Heidi Meinzolt-Depner, T/F 089-89979690, Meinzolt-Depner@t-online.de
FÜR EINE GRÜNE UTOPIE - GEGEN DEN LIBERALEN REALISMUS
Nein die Grünen sind nicht unkritisch geworden, aber die Opposition im Kopf bröselt. Die Magie der packenden Idee ist hin, die der Partei Achtung und gute Wahlergebnisse bescherte.
Die Vision, die Gesellschaft grundlegend zu verändern und mit jedem politischen Schritt kreativ, spontan und wachsam, aufregend auf die Veränderung zuzusteuern, wird vom liberalen Realismus abgelöst. "Machbare" Schritte, verhackstückt in parlamentarische Initiativen, haben die alleinige Definitionshoheit für das, was "realistisch" ist.

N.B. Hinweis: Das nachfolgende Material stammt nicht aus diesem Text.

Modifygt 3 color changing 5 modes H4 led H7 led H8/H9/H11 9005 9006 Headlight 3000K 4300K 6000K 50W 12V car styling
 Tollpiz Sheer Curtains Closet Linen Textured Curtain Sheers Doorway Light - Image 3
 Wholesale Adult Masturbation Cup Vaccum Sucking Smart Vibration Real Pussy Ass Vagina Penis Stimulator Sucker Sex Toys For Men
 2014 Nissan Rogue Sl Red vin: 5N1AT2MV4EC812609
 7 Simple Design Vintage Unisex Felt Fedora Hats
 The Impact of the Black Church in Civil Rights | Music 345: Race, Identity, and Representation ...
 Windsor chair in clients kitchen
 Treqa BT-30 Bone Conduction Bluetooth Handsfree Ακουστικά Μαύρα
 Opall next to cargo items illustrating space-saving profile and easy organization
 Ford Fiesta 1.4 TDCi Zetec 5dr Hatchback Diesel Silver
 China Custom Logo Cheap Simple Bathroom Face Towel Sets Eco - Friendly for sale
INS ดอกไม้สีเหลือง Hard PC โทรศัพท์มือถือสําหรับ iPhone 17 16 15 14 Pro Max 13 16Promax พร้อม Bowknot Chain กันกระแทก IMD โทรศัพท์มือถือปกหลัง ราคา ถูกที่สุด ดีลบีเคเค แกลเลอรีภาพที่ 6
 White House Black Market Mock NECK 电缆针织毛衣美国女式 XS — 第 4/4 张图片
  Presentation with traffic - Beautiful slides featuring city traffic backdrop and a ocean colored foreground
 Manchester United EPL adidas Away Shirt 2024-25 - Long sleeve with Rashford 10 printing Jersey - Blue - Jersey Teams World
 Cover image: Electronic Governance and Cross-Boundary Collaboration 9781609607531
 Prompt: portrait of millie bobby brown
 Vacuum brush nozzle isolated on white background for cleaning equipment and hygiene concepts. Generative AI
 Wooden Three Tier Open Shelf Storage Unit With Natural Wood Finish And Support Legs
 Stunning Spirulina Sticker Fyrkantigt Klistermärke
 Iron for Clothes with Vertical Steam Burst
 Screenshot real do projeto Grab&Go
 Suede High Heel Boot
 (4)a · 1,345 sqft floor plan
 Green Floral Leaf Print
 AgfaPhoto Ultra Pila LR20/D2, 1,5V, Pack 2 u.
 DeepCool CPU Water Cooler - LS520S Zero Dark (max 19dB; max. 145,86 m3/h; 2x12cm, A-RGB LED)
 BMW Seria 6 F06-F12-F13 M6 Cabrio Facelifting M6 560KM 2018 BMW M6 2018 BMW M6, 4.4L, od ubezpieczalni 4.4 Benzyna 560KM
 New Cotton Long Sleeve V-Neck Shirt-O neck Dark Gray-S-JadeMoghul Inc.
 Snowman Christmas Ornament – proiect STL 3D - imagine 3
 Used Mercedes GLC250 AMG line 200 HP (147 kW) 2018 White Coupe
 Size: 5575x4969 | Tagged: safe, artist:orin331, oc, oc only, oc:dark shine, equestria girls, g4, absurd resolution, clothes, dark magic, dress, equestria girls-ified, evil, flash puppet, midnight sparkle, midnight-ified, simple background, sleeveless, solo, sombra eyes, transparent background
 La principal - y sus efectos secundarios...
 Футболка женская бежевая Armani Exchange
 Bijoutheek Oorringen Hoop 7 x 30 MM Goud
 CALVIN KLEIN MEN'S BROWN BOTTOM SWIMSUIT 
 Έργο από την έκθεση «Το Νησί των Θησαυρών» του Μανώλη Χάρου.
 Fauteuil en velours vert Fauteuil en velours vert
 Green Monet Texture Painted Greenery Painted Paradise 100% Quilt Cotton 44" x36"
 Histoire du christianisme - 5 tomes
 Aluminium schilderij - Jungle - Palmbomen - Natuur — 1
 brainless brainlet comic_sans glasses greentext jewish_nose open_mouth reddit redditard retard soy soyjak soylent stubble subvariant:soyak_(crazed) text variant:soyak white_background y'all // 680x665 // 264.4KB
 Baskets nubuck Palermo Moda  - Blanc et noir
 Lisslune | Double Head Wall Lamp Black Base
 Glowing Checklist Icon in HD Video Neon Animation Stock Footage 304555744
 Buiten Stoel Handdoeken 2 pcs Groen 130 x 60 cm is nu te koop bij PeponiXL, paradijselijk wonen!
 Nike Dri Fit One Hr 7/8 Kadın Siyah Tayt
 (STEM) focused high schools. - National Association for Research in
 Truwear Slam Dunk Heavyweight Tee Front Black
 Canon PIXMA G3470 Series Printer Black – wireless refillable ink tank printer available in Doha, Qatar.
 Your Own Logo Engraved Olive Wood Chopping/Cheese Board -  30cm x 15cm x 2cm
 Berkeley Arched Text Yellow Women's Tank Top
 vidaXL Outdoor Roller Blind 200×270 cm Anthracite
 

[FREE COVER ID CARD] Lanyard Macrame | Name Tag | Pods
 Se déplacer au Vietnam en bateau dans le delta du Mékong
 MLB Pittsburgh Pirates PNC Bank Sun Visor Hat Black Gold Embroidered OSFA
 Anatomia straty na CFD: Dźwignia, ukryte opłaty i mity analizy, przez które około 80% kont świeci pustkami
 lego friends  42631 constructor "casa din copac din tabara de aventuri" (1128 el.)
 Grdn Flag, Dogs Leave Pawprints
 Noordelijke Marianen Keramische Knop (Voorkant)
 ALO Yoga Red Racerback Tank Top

Der Zeitgeist regiert in Form des organisierten Opportunismus.
Dies ist eine unzureichende Antwort auf den hohen Erwartungsdruck in puncto "Wechsel". Grüne Politik verhütet vielleicht noch das schlimmere und gestaltet den Status quo, also den Rest. Und das wars dann. Mindestens die Politikverdrossenheit zahlt es uns zurück.
So taugen aber die Grünen nur mehr zum Alibi des guten Gewissens für die Modernisierer und oh Schreck! die Wähler merken das.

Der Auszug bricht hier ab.